You can see the results: x2=4 is the reference group, so DF=0. But x2=3 also has DF=0. Problem! This is because x2=4 is 100% correlated with x1=4. You can say in this case x2=3 acts as the reference group, and the effect of x2=4 has been explained by the other variable x1's x1=4.

Let's run a linear regression model using PROC GLM:

proc glm data=work.data;

class x1 x2;

model y=x1 x2/solution ss3;

run;

quit;

The results are the same as below. There is no estimate for x2=3.

Standard

Parameter Estimate Error t Value Pr > |t|

Intercept 0.5000000000 B 0.14821413 3.37 0.0010

x1 1 0.3879750199 B 0.23428608 1.66 0.1005

x1 2 -.2299495084 B 0.22891720 -1.00 0.3173

x1 3 0.1000000000 B 0.19885012 0.50 0.6160

x1 4 0.0000000000 B . . .

x2 1 -.0381211799 B 0.16953676 -0.22 0.8225

x2 2 -.2618788201 B 0.16953676 -1.54 0.1252

x2 3 0.0000000000 B . . .

x2 4 0.0000000000 B . . .

If you change the data so that x1=4 and x2=4 are not perfectly related, then the problem disappeared.

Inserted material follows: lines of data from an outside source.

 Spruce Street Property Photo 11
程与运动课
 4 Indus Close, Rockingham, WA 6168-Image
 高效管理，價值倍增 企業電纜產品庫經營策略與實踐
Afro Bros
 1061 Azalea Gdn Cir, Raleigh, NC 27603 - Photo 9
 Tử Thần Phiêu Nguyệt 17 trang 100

I think the explanation can be that 'the effects of the levels can only be estimated unless they have unique contribution, i.e. they are not perfectly explained by other variables'.

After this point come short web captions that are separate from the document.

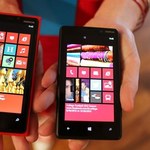 Nokia Lumia 920 i Nokia Lumia 820 - nowe rozdanie?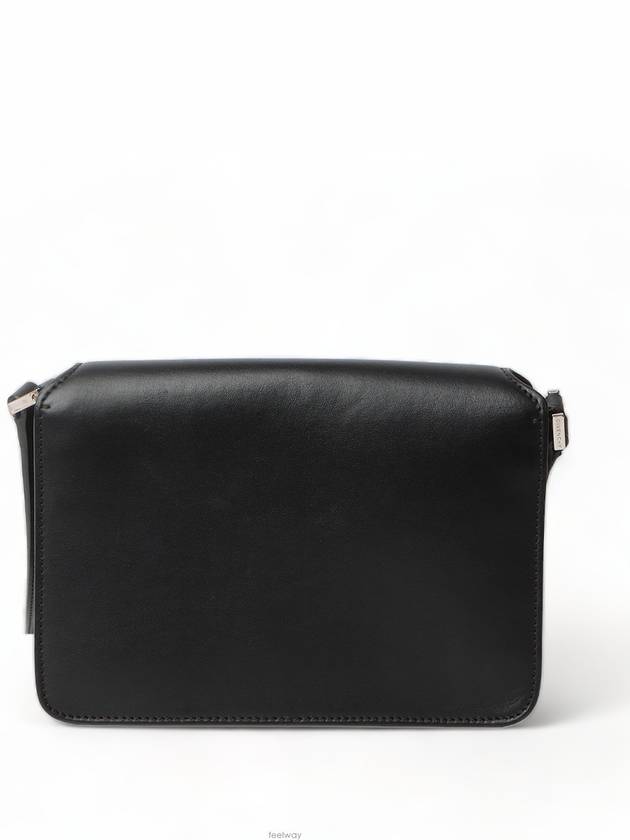 women cross bag - GIVENCHY - BALAAN 3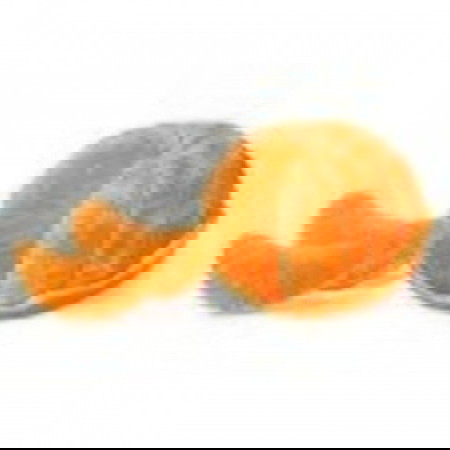 Need help ano dapat gawin pag nalunok ang isang piraso ng kiat kiat ng 5 months old worried lang ako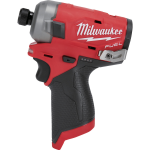 milwaukee(ミルウォーキー) M12 FUEL 50Nm サイレントインパクトドライバー(本体のみ)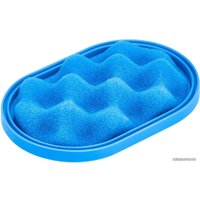 Пылесос Samsung VS80N8014KR/EV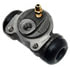 ACDelco 18E225 Drum Brake Wheel Cylinder Rear Brake Wheel Cylinder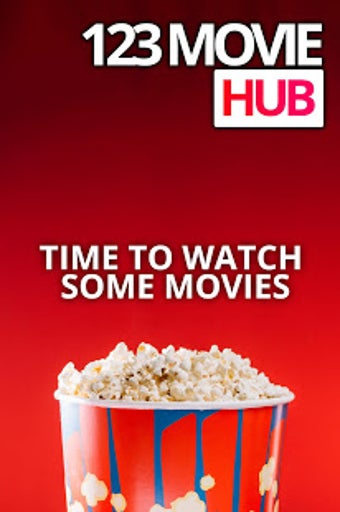 Image 1 for Go 123 Hub Movies
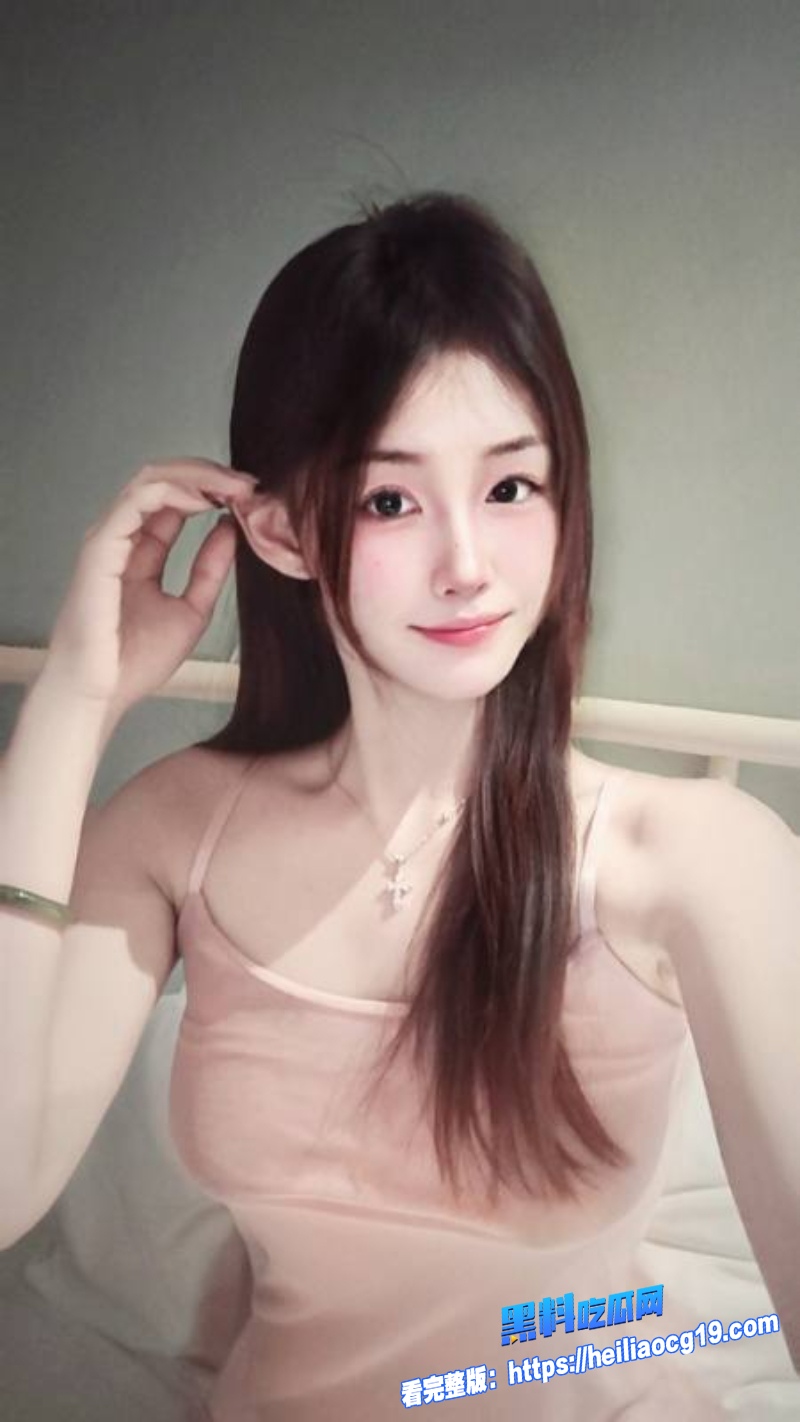 黑龙江艺术系学生李丽娜2 黑龙江艺术系学生李丽娜2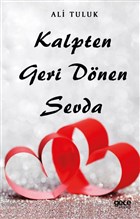 Kalpten Geri Dnen Sevda Gece Kitapl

Any better thoughts, statistically?

Doc_Duke · Posted 08-17-2011 11:17 PM

Correct. You can see it more clearly with continuous variables. If you have a model with, say, systolic blood pressure, diastolic blood pressure and pulse pressure (= (systolic - diastolic) ), then any two variables carry the same infomation as the third. You can actually write it out

y = int + b1*systolic + b2*diastolic + b3*pulse

= int + b1*systolic + b2*diastolic + b3*(systolic - diastolic)

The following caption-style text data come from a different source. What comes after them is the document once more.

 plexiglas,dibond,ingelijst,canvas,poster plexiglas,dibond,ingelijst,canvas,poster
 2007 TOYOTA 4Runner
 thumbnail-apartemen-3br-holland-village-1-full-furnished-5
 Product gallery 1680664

= int + b1*systolic + b2*diastolic + b3*systolic - b3*diastolic

=int + (b1+b3)*systolic + (b2-b3)*diastolic

bncoxuk · Posted 08-18-2011 03:45 AM

Hi Duke, your example gives pulse pressue as being perfectly explained by systolic and diastolic: pulse pressure (= (systolic - diastolic) )

But in my data, the relationship is not that tight: not the whole variable is perfectly explained, but only one of its 4 levels.

I assume the principle is the same.

Reeza · Posted 08-19-2011 12:33 PM

For regression with categorical variables essentially dummy variables get created for n-1 levels with the nth level being all 0.

So if one level correlates perfectly with another level in a different categorical variable, the two are linear combinations of each other, same as Doc@Duke example.

Typically you can change the way you categorize the variables to help solve this one, but in your case with all missing for a particular population it might be tricky. You also have systematic missing data, which is a problem in of itself.